It appears everything on New Garden Road has already been or is in the process of being rezoned.

But 1302 New Garden Road will remain single family residential (R-3) like the rest of the Robinridge neighborhood, following the Zoning Commission meeting on Monday, July 15 in the City Council Chamber.

The Zoning Commission wasn’t impressed with the lack of details in the rezoning request from the property owner Kim Reittinger.

Zoning Commissioner Zac Engle said he wouldn’t say the property which is on the northwest corner of the Robinridge neighborhood, should never be rezoned, but he wasn’t convinced that Conditional District – Office (CD-O) with two conditions was the right way to go.  He said, “Right now, to me this should stay R-3.”

The conditions were no hotels, motels or group homes and no buildings over 40 feet in height.

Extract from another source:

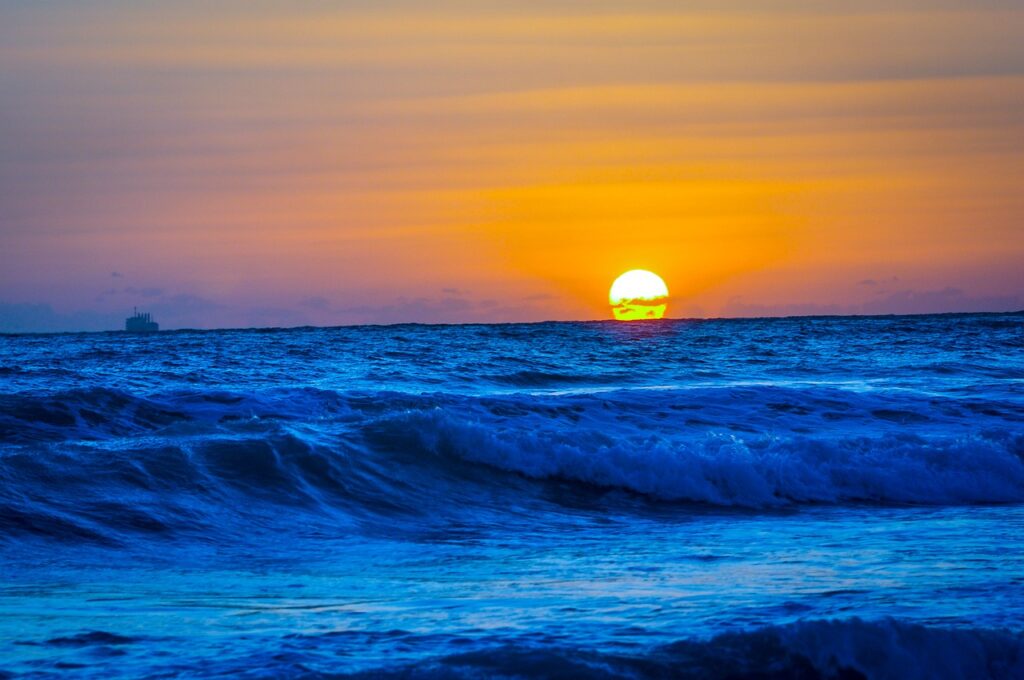 Sunset Ocean Sea Waves Ship  - Erfan_parhizi / Pixabay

About 50 people from the neighborhood opposed to the rezoning attended the meeting.  Several of the opposition speakers noted that there were over 60 uses that would be legal if the property were rezoned.  They asked that their neighborhood be protected and several noted that the 2025 Comprehensive Plan recommended protecting established neighborhoods from commercial encroachment.

Reittinger said her plan was to get the property rezoned first and then decide what to do with it.

Zoning Commissioner Hugh Holston asked about holding a neighborhood meeting.  Reittinger said that instead she decided to go door to door in the neighborhood.  She said that she talked to a number of neighbors and they told her, ‘We’re good with it.”  This brought a lot of loud laughter from the audience.

Reittinger said the house is currently a rental.

Neighbors speaking in opposition noted that a lot of people lived there.  Several photos taken both by city staff and the neighbors showed five or six vehicles in the front yard, something those in opposition clearly didn’t like.

A New Garden Road Strategic Plan was recently completed, but has not been approved or accepted by the City Council.   Before the item was heard, Zoning Commissioner Andrew Pinto suggested because the strategic plan would likely be approved soon, that the rezoning request be delayed for a month, but he didn’t get any support from his fellow commissioners.

The city planning department recommended in favor of the rezoning, but the Zoning Commission voted 7-1 against it with Zoning Commissioner Vernal Alford casting the lone vote in favor of the rezoning.

The decision by the Zoning Commission can be appealed to the Greensboro City Council.